Friday, March 29, 2024

The CIA links Gulen can’t deny

The world has woken up to Fethullah Gulen after Turkey’s president Recep Tayyip Erdogan blamed him for failed coup of Friday. My book, “HOW UNITED STATES SHOT HUMANITY: Muslims Ruined; Europe Next” has given a detailed background of this feud. Excerpts:

Fethullah Gulen is a 74-year- old bachelor of rather sad countenance, despite his white moustaches and strong, wide nose. For 27 years now, he has lived in a self-imposed exile in a tiny Pennsylvania town called Saylorsburg in the US. Here is his “The Camp” consisting of series of houses, a community center, a pond and acres of space.

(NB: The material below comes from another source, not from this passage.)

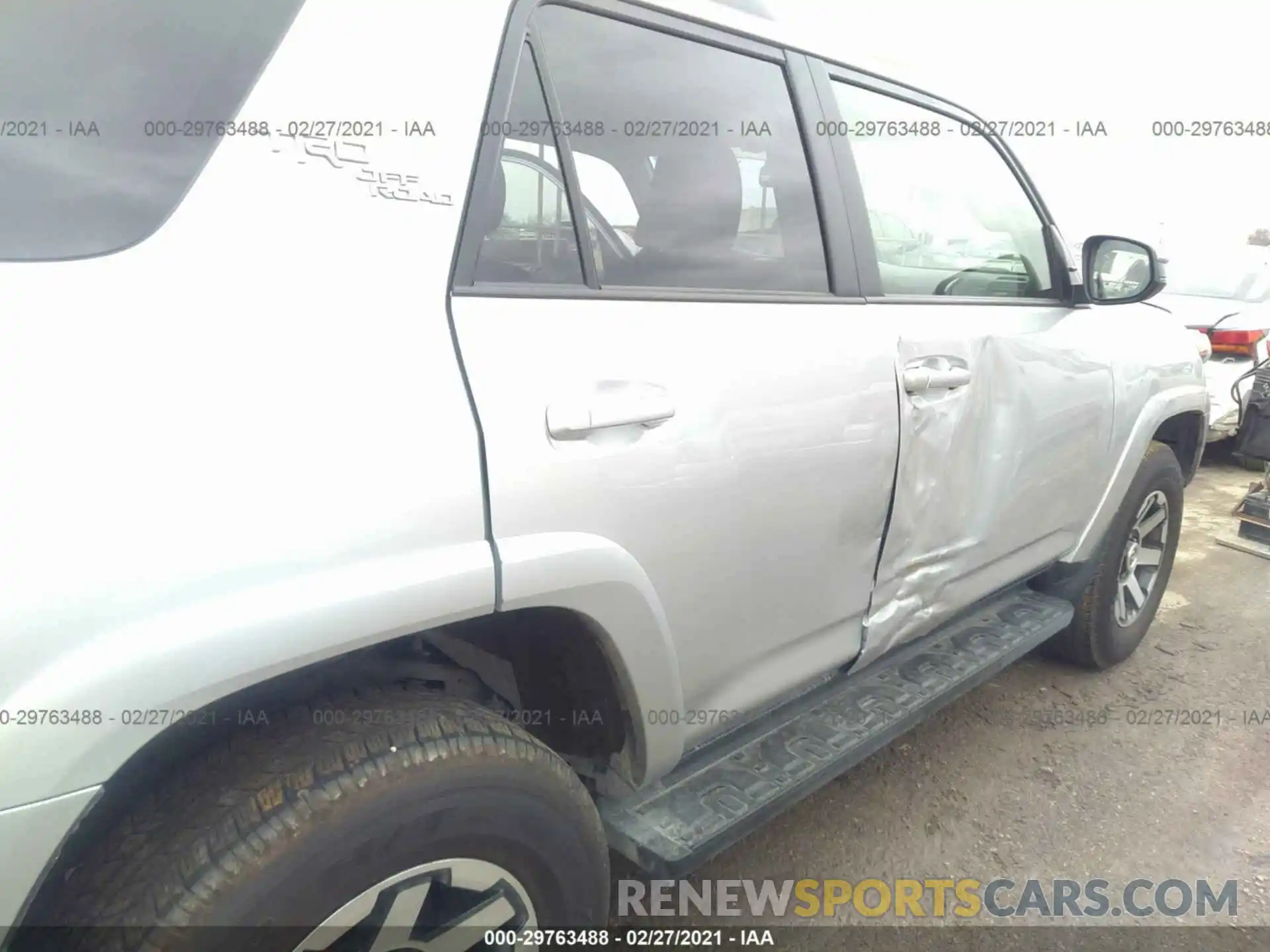 6 Фотография поврежденного автомобиля JTEBU5JR2L5782568 TOYOTA 4RUNNER 2020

It’s the headquarters of a worldwide religious, social and political movement, “the Cemaat” or “the Community”.

Gulen leads six million followers who, in the spirit of his name, operate schools,universities, corporations, nonprofit and media organizations around the globe.In a 2008 online poll, devised by the British magazine Prospect and the American magazine Foreign Policy, Gulen was voted as the most significant intellectual of the world. Graham Fuller, a former CIA agent and author of several books on political Islam, termed Gulen as leading “one of the most important movements in the Muslim world today.”

Somehow everything in Turkey is linked to Gulen. Whatever you do, buying bakery or filing up gas, it could all be going back to Gulen’s network. Fethullah Gulen was born in 1941 in a village outside the eastern city of Erzurum. He began praying when he was only four years old, and learned Arabic from his father. At school, he joined Kurdish intellectual Said Nursi’s movement, which was similar to Sufi brotherhood. He became a state imam in 1958 and after his military service, moved to Izmir. In 1969, he began preaching his own version of Nursi’s ideas. Soon his following grew.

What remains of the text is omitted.